[Assignment]: Leaving out the pictures, reproduce each record exactly and in full.

(Saved data entries)
== == ==

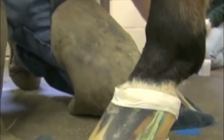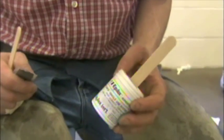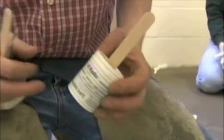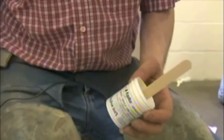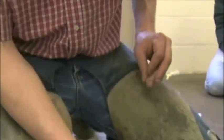A two-ounce jar of Equilox — just two ounces is usually all you need. For smaller cracks or smaller feet, you can probably get by with one ounce and maybe just two strips. This is a pretty big horse, so we're going to use three strips and two ounces.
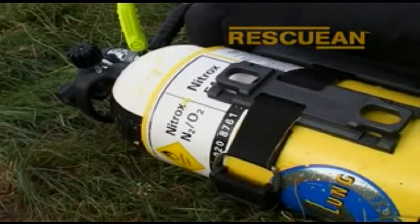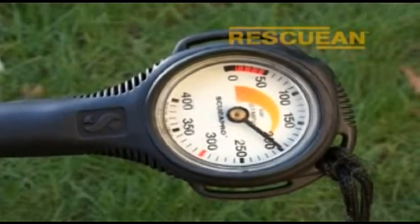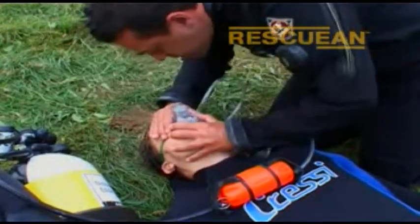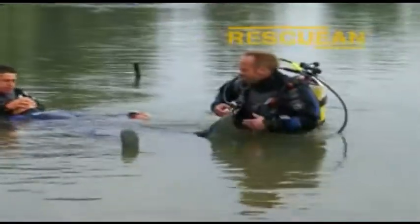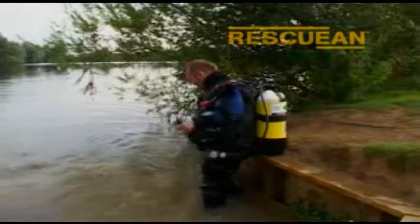You can monitor the cylinder's remaining nitrox by using the pressure gauge on the high-pressure hose. Commence or recommence EFR mouth-to-mask rescue breaths. As you can see in this real-time scenario, the Rescue EAN pod becomes an essential part of a rescue diver's kit.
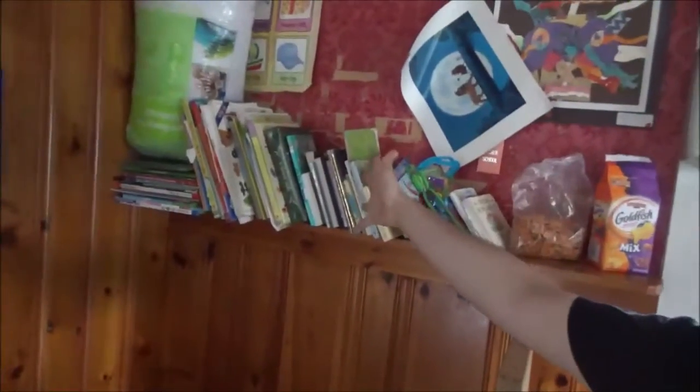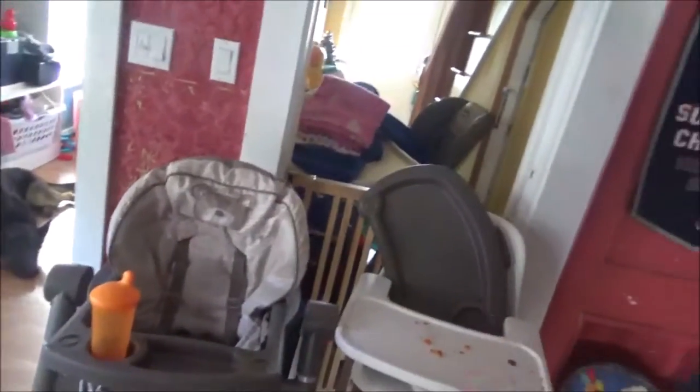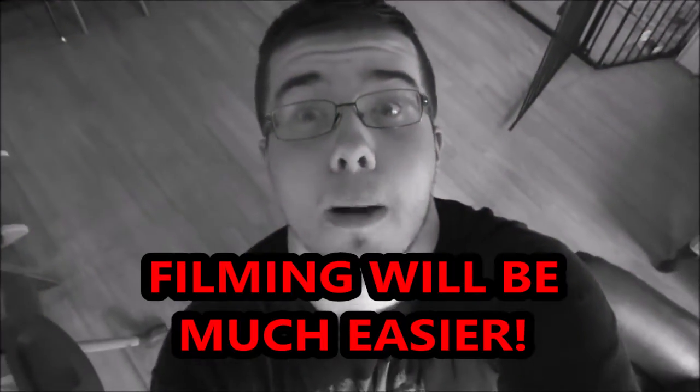Man, it feels so great to finally have my own tripod to film on. Back in the past when I wanted to use a certain angle, I would literally have to use a stack of books, or get something in the house. I would stack my cameras on couches, on corners, I would even stack cameras using this thing. But yeah, I literally now have a tripod, so filming will be much easier!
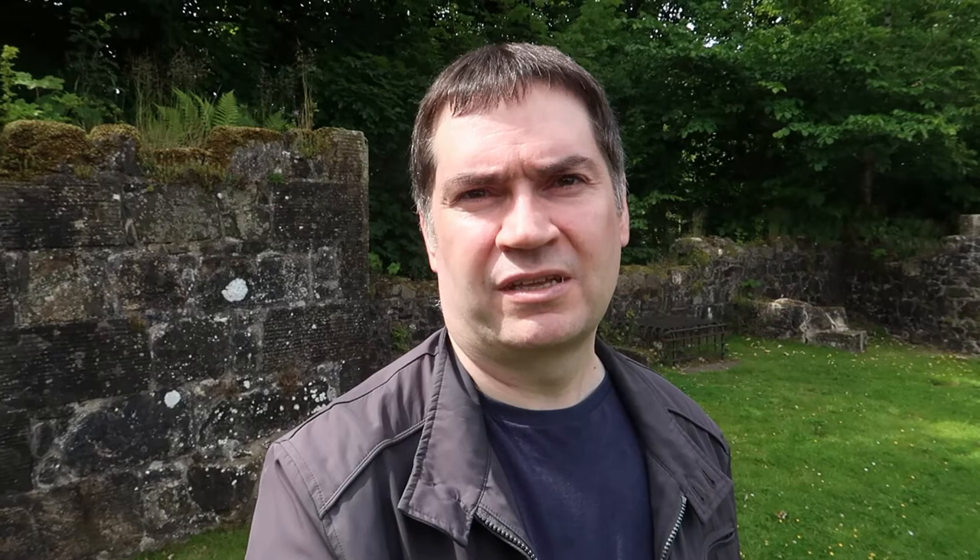When I went down the last time, so it wasn't too bad in that regard. I've had a good walk around the castle now and I've got quite a few different pictures using a wide angle and a more zoomed-in telephoto angle. I've employed quite a bit of shallow depth of field in quite a lot of these shots, focusing on a specific object and blurring out the background.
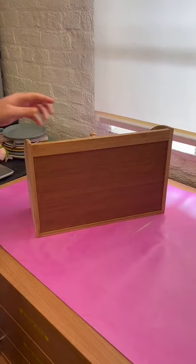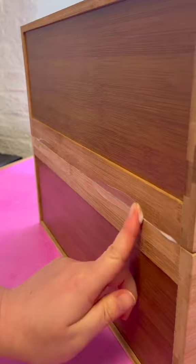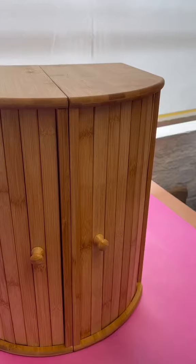We saw this amazing bread bin hack and decided we needed to make our own. Just putting a bunch of wood glue on the bread bin, clean up that little bit there, and drill on a couple of base plates.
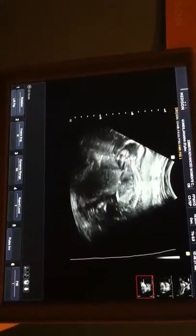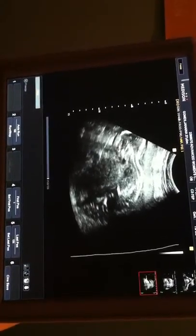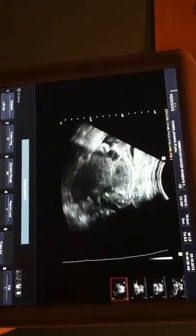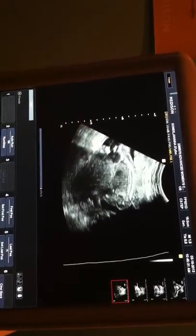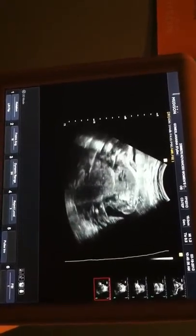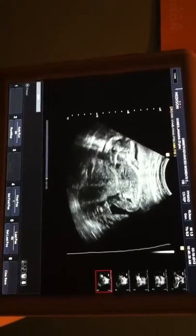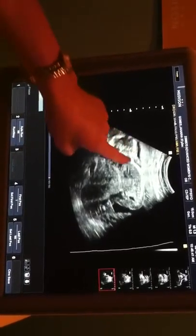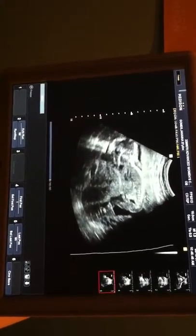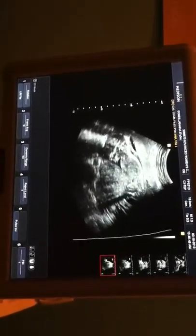Look at his tummy, there's his little spine. Come on, Samuel. Spine all the way down to the tailbone. Head, spine, little hiney sticking over there, down to the knee, and then kind of lose the lower leg there. He just snuggled down, happy where he is at the moment.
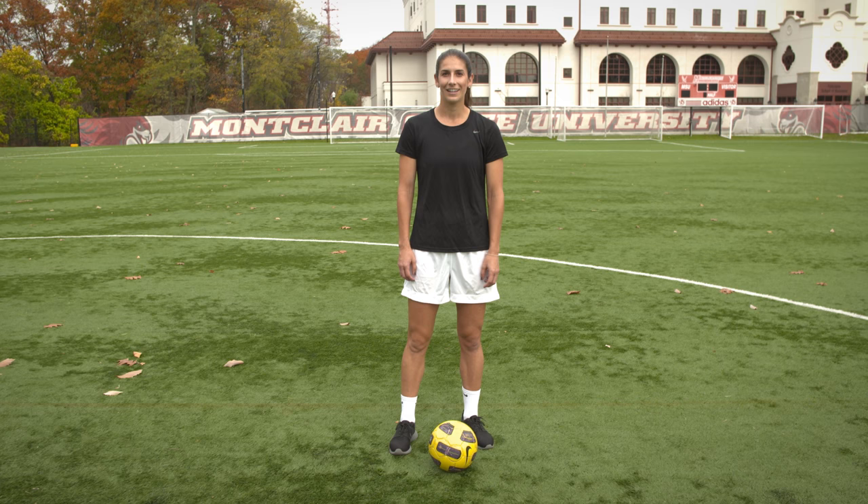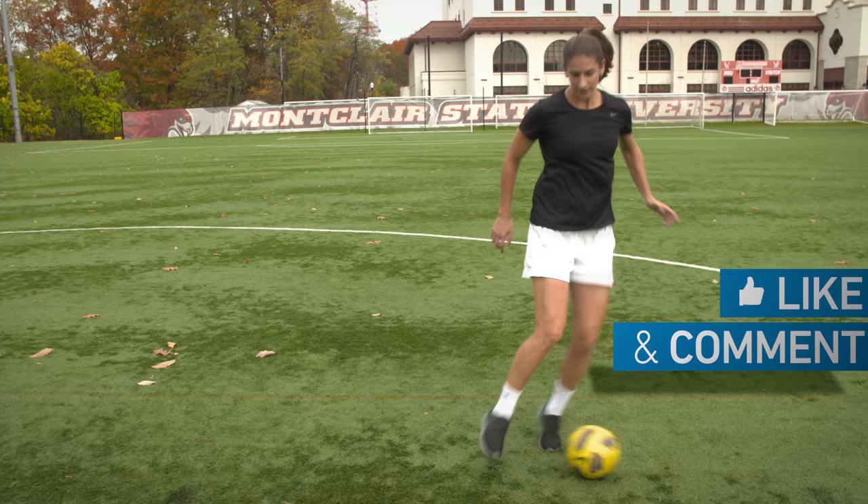Hey guys, thanks so much for watching my video. If you liked it, give it a thumbs up and comment below. Connect with me on social, and of course, subscribe to the YFootball channel.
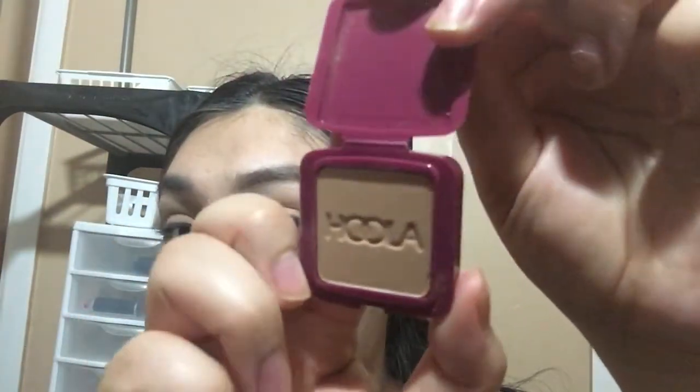The next item in the collecting cobwebs category I've had for a very long time — I haven't used it at all. I believe this is about a year and a half old but it is new, so I do want to use it all up. The last product is the Hoola Mini Bronzer. It is brand new as well, so I do want to use this all up, and it has been collecting cobwebs since I've had it for a very long time.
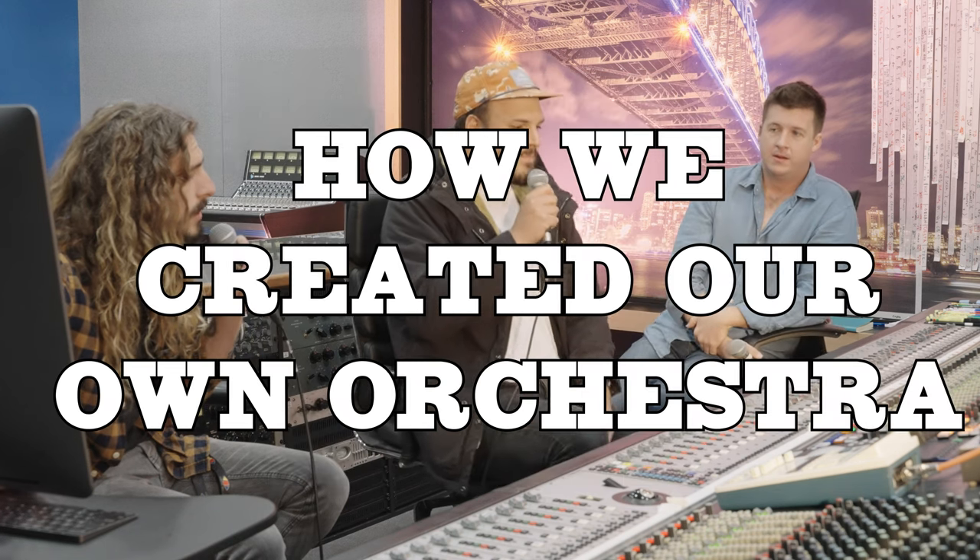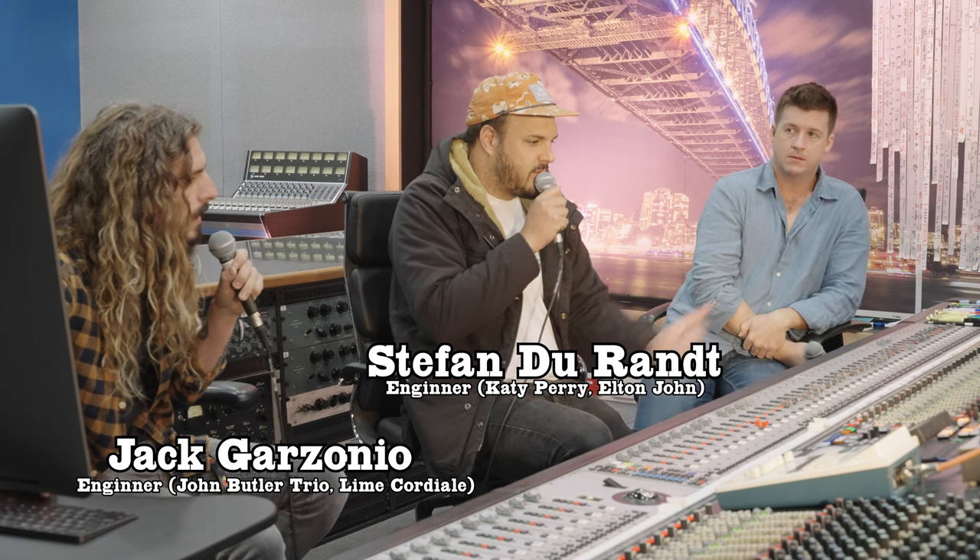So the strings, the arrangements, they were like incredibly good. I did not do the arrangements. Louis Shelter did the arrangements.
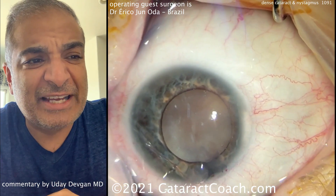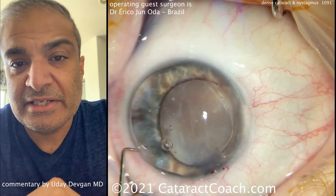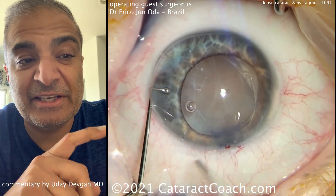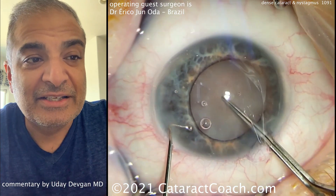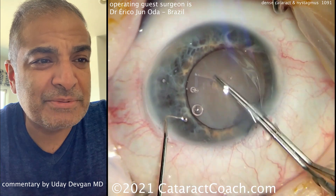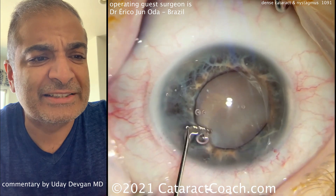You can see the dilation — not the best dilation. In a dense cataract like this, it's very important to make a sufficiently large capsulorhexis. Do not make a baby rhexis. Stabbing in here with the forceps, getting that flap turned over, looking good. Nice, generous capsulorhexis.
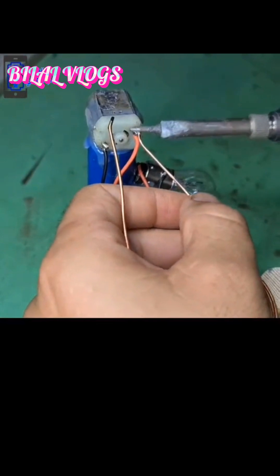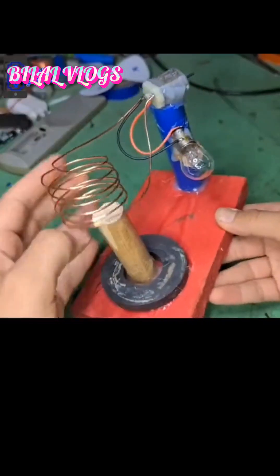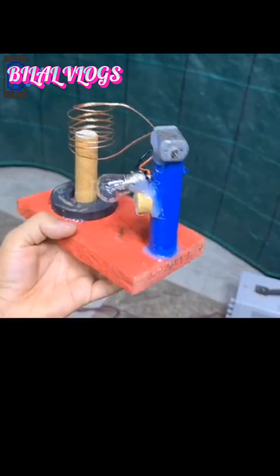I want to make sure that I'm going to be in the middle. I want to use my hand.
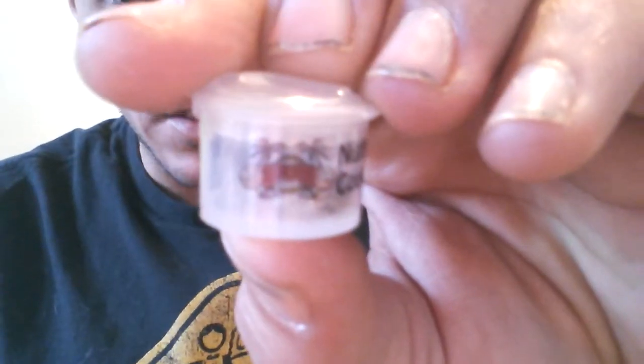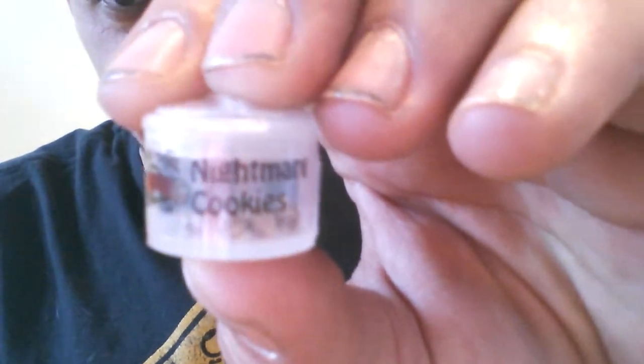What up YouTube, Rocky Mountain Cultivators here. This is a video for the social grow — gonna be the seed drop for Sin City's Nightmare Cookies.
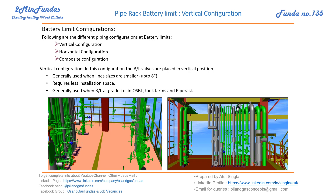This configuration is generally used for battery limits at grade, where pipes are moving at grade in OSV tank farms and pipe racks. So vertical configuration is suited for smaller line sizes, requires less installation space, and is used in these specific situations.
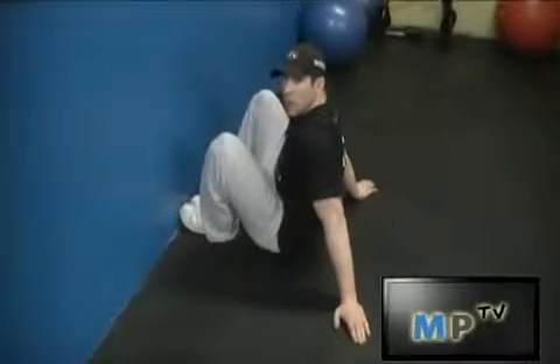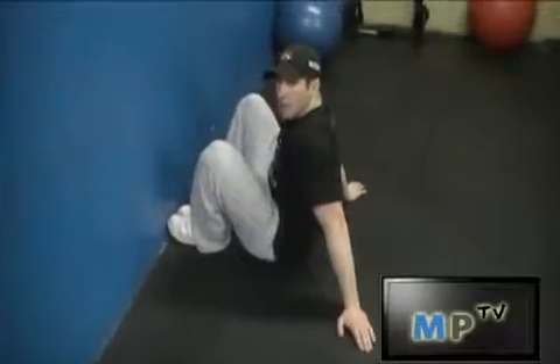This is Jarrett from Muscleprodigy.com. I'm going to show you how to do wall crunches. Great for the upper abs.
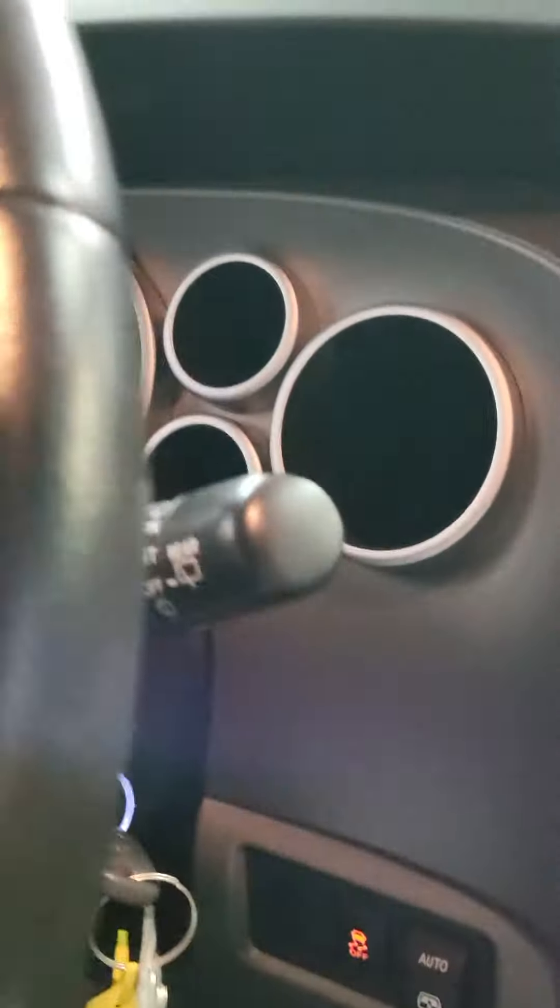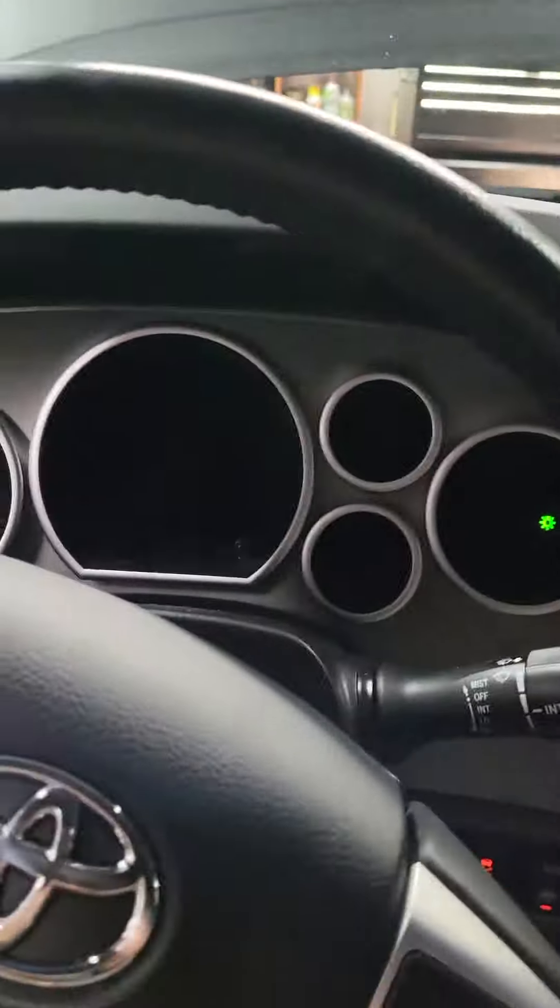There's a button under the dash here — I can't see it, it's dark — right there. It says 'set.' That's the button I'm going to be pushing. It's to the right of the steering column near the bottom.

== == ==

[Solution for this exercise]:
A two-ounce jar of Equilox — just two ounces is usually all you need. For smaller cracks or smaller feet, you can probably get by with one ounce and maybe just two strips. This is a pretty big horse, so we're going to use three strips and two ounces.
You can monitor the cylinder's remaining nitrox by using the pressure gauge on the high-pressure hose. Commence or recommence EFR mouth-to-mask rescue breaths. As you can see in this real-time scenario, the Rescue EAN pod becomes an essential part of a rescue diver's kit.
Man, it feels so great to finally have my own tripod to film on. Back in the past when I wanted to use a certain angle, I would literally have to use a stack of books, or get something in the house. I would stack my cameras on couches, on corners, I would even stack cameras using this thing. But yeah, I literally now have a tripod, so filming will be much easier!
When I went down the last time, so it wasn't too bad in that regard. I've had a good walk around the castle now and I've got quite a few different pictures using a wide angle and a more zoomed-in telephoto angle. I've employed quite a bit of shallow depth of field in quite a lot of these shots, focusing on a specific object and blurring out the background.
We saw this amazing bread bin hack and decided we needed to make our own. Just putting a bunch of wood glue on the bread bin, clean up that little bit there, and drill on a couple of base plates.
Look at his tummy, there's his little spine. Come on, Samuel. Spine all the way down to the tailbone. Head, spine, little hiney sticking over there, down to the knee, and then kind of lose the lower leg there. He just snuggled down, happy where he is at the moment.
Hey guys, thanks so much for watching my video. If you liked it, give it a thumbs up and comment below. Connect with me on social, and of course, subscribe to the YFootball channel.
The next item in the collecting cobwebs category I've had for a very long time — I haven't used it at all. I believe this is about a year and a half old but it is new, so I do want to use it all up. The last product is the Hoola Mini Bronzer. It is brand new as well, so I do want to use this all up, and it has been collecting cobwebs since I've had it for a very long time.
So the strings, the arrangements, they were like incredibly good. I did not do the arrangements. Louis Shelter did the arrangements.
You can see the dilation — not the best dilation. In a dense cataract like this, it's very important to make a sufficiently large capsulorhexis. Do not make a baby rhexis. Stabbing in here with the forceps, getting that flap turned over, looking good. Nice, generous capsulorhexis.
I want to make sure that I'm going to be in the middle. I want to use my hand.
What up YouTube, Rocky Mountain Cultivators here. This is a video for the social grow — gonna be the seed drop for Sin City's Nightmare Cookies.
This configuration is generally used for battery limits at grade, where pipes are moving at grade in OSV tank farms and pipe racks. So vertical configuration is suited for smaller line sizes, requires less installation space, and is used in these specific situations.
This is Jarrett from Muscleprodigy.com. I'm going to show you how to do wall crunches. Great for the upper abs.
There's a button under the dash here — I can't see it, it's dark — right there. It says 'set.' That's the button I'm going to be pushing. It's to the right of the steering column near the bottom.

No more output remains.